Word for word, copy the listing below and leave out its images.

Source data |

BEGIN

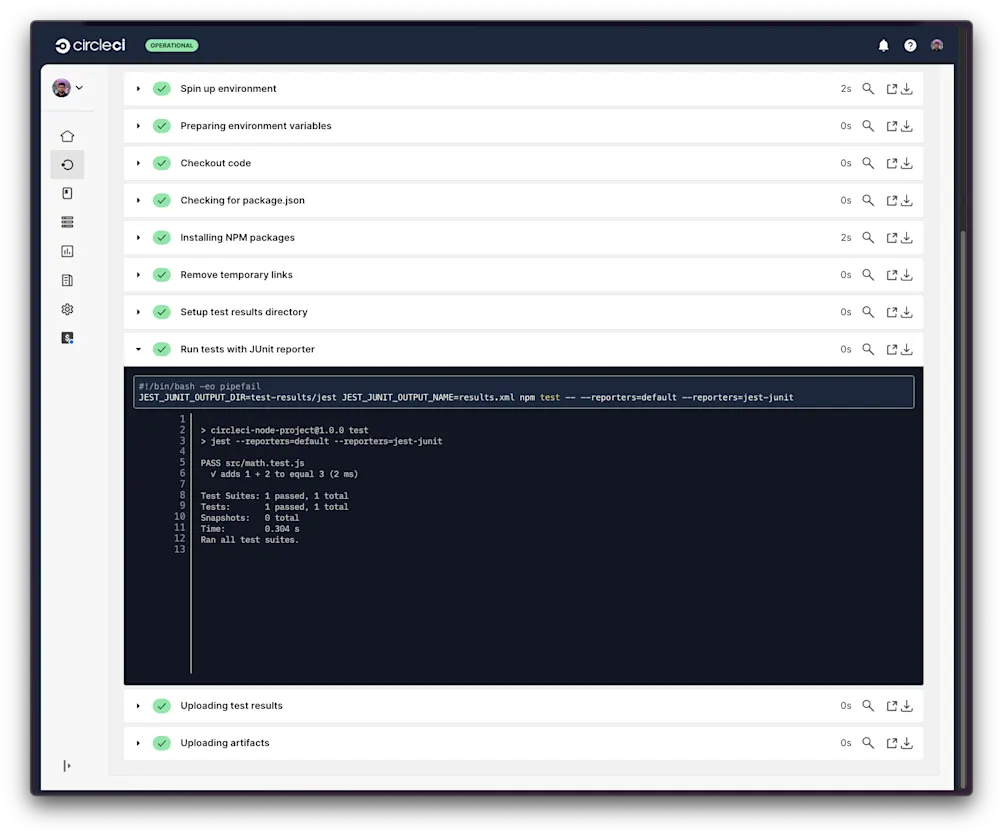 MCP-failed-test-successful-tests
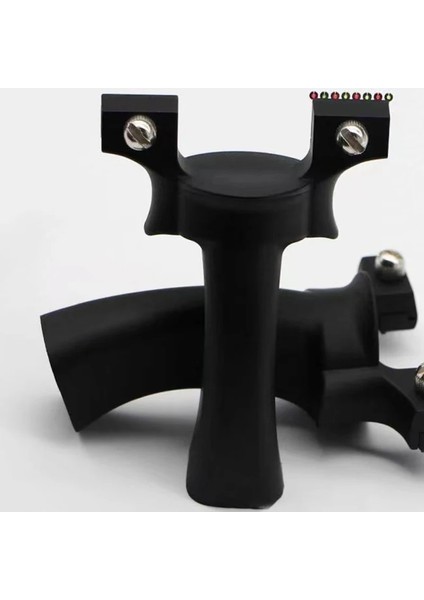 Globe Trekker Taktik Sapanshot Açık Avcılık Atış Elastik Bant Spiral Hızlı Sıkıştırma ile Yüksek Has (Yurt Dışından)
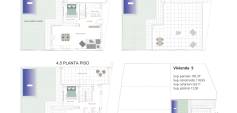 New Build - Villa - Los Belones - Centro
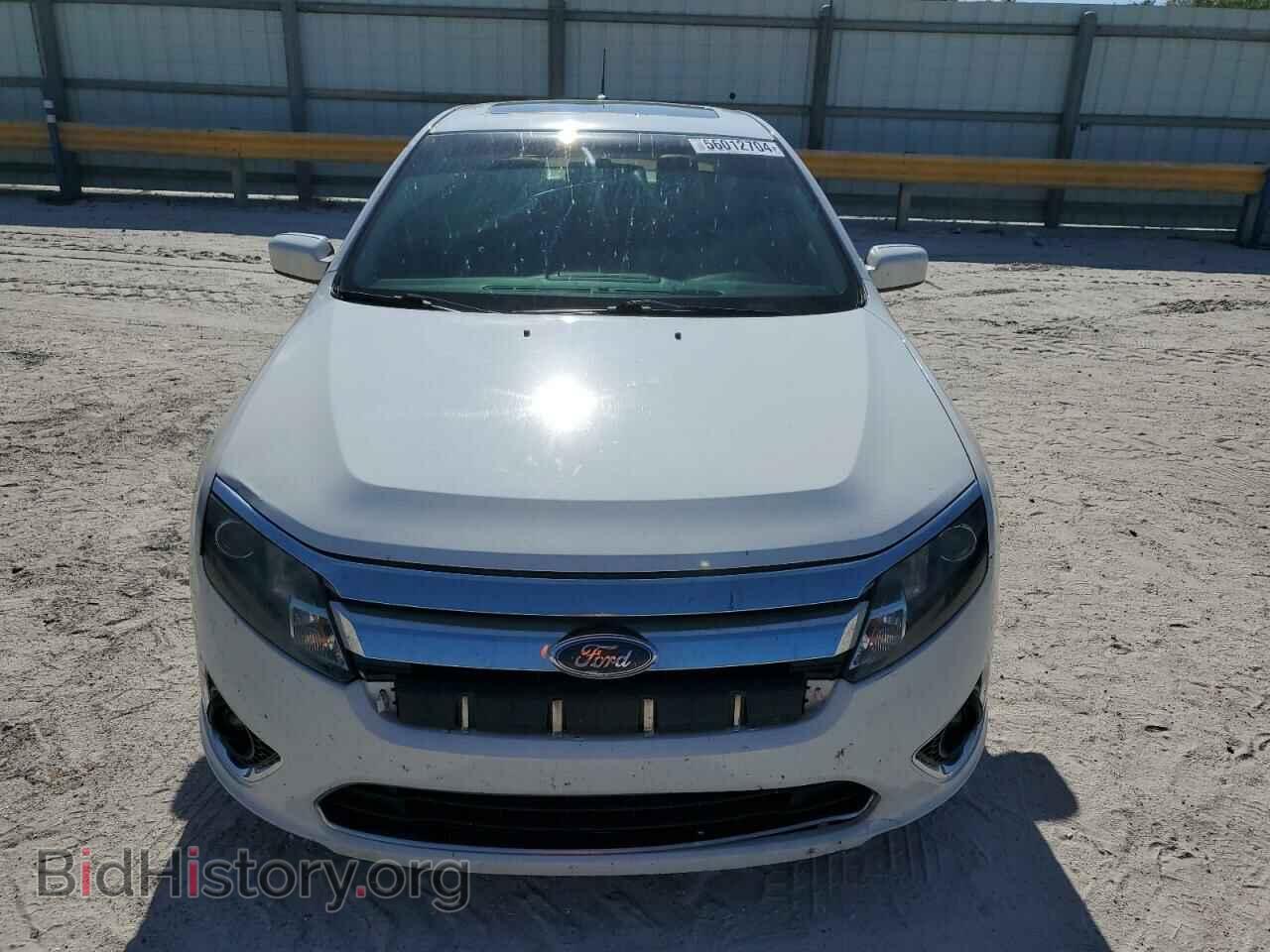 2010 FORD FUSION - VIN: 3FADP0L38AR104357 - Фото 5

END

Reply |
 MCP-failed-test-successful-tests
 Globe Trekker Taktik Sapanshot Açık Avcılık Atış Elastik Bant Spiral Hızlı Sıkıştırma ile Yüksek Has (Yurt Dışından)
 New Build - Villa - Los Belones - Centro
 2010 FORD FUSION - VIN: 3FADP0L38AR104357 - Фото 5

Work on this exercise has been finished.